In other words, the costume is simply there as a placeholder for a much larger idea, namely the one of identity. Each and everyday we are constrained to certain kinds of identities only. Wether we are at work, school, or during a social gathering such as a party. However, occasions such as Halloween or a masquerade such as Mardi Gras, allow us to use our imagination and make up yet another seemingly temporary identity. In turn, we do not need to have any sentimental attachments to it like we do with all the others we use everyday. We are given a carte blanche and allowed to discard it at the end of the night in the same way the chariot of Cinderella turns back into a pumpkin.

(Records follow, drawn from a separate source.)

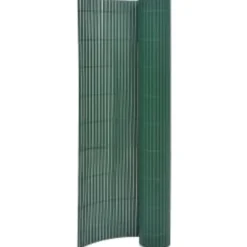 MAISON EXCLUSIVE - Clôture de jardin double face 110x300 cm vert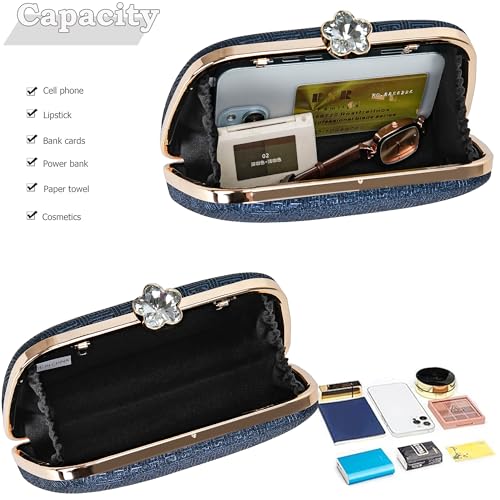 Image of BBTT.ful New Clutch Purses for Women Elegant Evening Bag for Party, Wedding, and Formal Events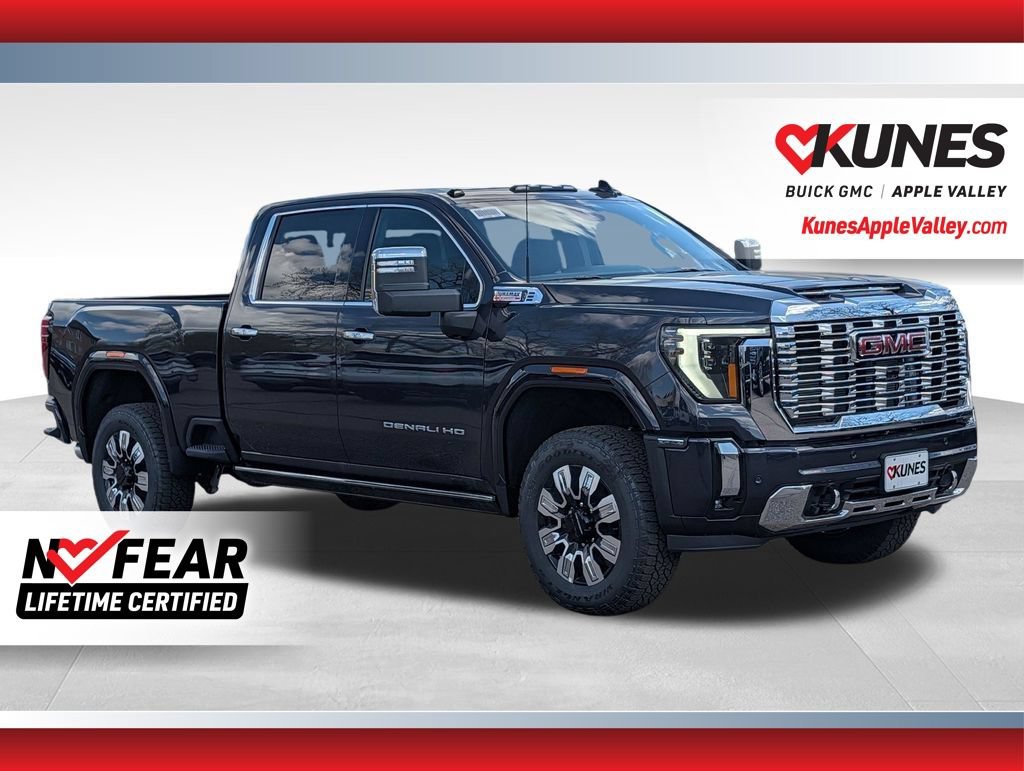 New 2026 GMC Sierra 3500 Denali w/ Denali Reserve Package AWD/4WD image 1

The next day our glorious and intriguing masks and costumes are simply tacky and cheap clothes bought from a drift store.
There is a deeper attachment to this temporary and convenient switch of identities. Unless we made it ours and attach our own meaning to it those tacky and cheap clothes will stay as such and never turn into an imaginative costume. Unless, we give it shape and form they will not mean anything to others as well. By looking at another everyday object, the book, we can shed more light on this identity switch. We associate ourselves with certain books and we buy them not so much to read them sometimes but to simply possess them. The act of buying and making them ours satisfies a certain mental hunger in the same way that putting on a costume does. Perhaps, clothing shopping works the same as book shopping. We are out there hunting for new identities. The costumes allow us to be who we want to be and the books allow us to imagine who we want to be. Keeping in mind of course that this is valid for fiction literature even though self-help books and certain non-fiction books such as biographies work as well.
Both the Costume and the Book are placeholders, in this case, but not limited to, for our ever changing desire to be different. Those and other objects and items of our everyday life allow us to reflect on our reality of whom we want to be. We are then stuck in a perpetuating state of constant desire to be different at different times. They are also there to let everyone else around us know in an act of personal manifest that this is whom we are right now. Identity is a tricky topic, however it does mean it should not be approach boldly. This article is an attempt at tackling some of the aspects and issues caused as a result of our desire to be different.